Your assignment.
Below are records with pictures; copy word for word only the lines between the line with "Open the picture" and the line with "Hey everyone, we're", inclusive, and drop the pictures.

-- Material for this exercise follows --

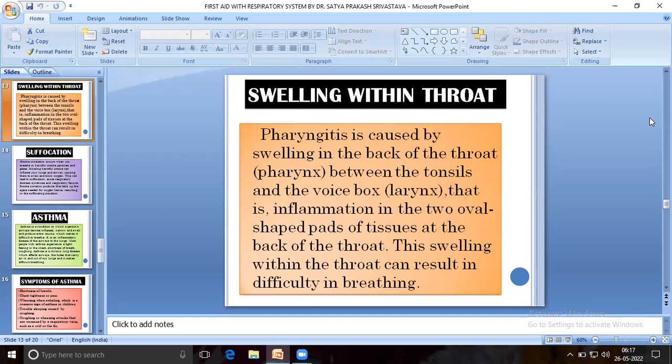Pharyngitis is caused by swelling in the back of the throat between the tonsils and the larynx — that is, inflammation in the two oval-shaped pads of tissue at the back of the throat. This swelling within the throat can result in difficulty in breathing.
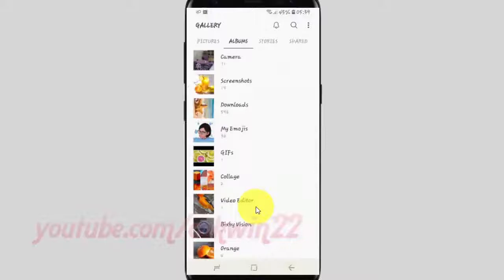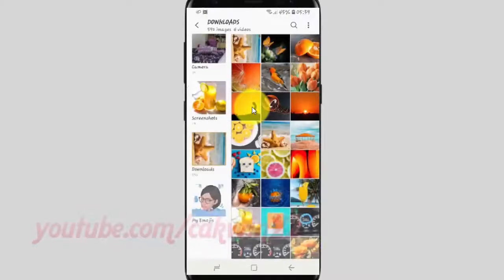Open the picture location you want to rotate. Tap the picture you want.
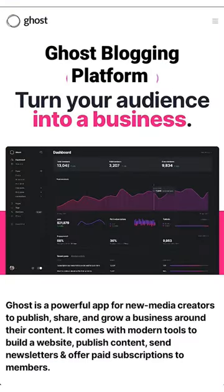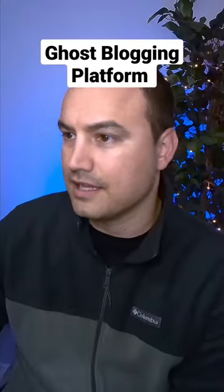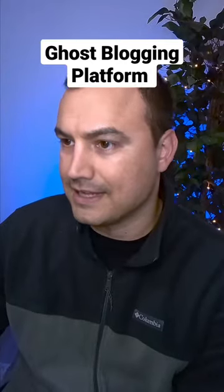Ghost is a free, open-source blogging platform written in JavaScript and distributed under the MIT license, designed to simplify the process of online publishing for individual bloggers as well as online publications.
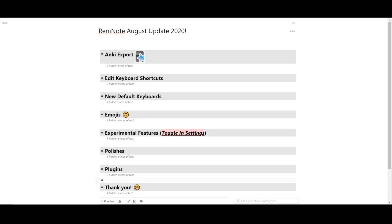Hey everyone, we're back with another RemNote update for August 2020. Let's see what's new.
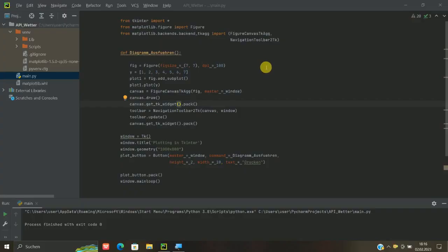Hallo, danke fürs Einschalten. Heute nochmal was zu Matplotlib, also zu dem Paket, wo man sich Diagramme in Python erstellen kann.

-- Material for this exercise concluded --

Result of the task.
Open the picture location you want to rotate. Tap the picture you want.
Ghost is a free, open-source blogging platform written in JavaScript and distributed under the MIT license, designed to simplify the process of online publishing for individual bloggers as well as online publications.
Hey everyone, we're back with another RemNote update for August 2020. Let's see what's new.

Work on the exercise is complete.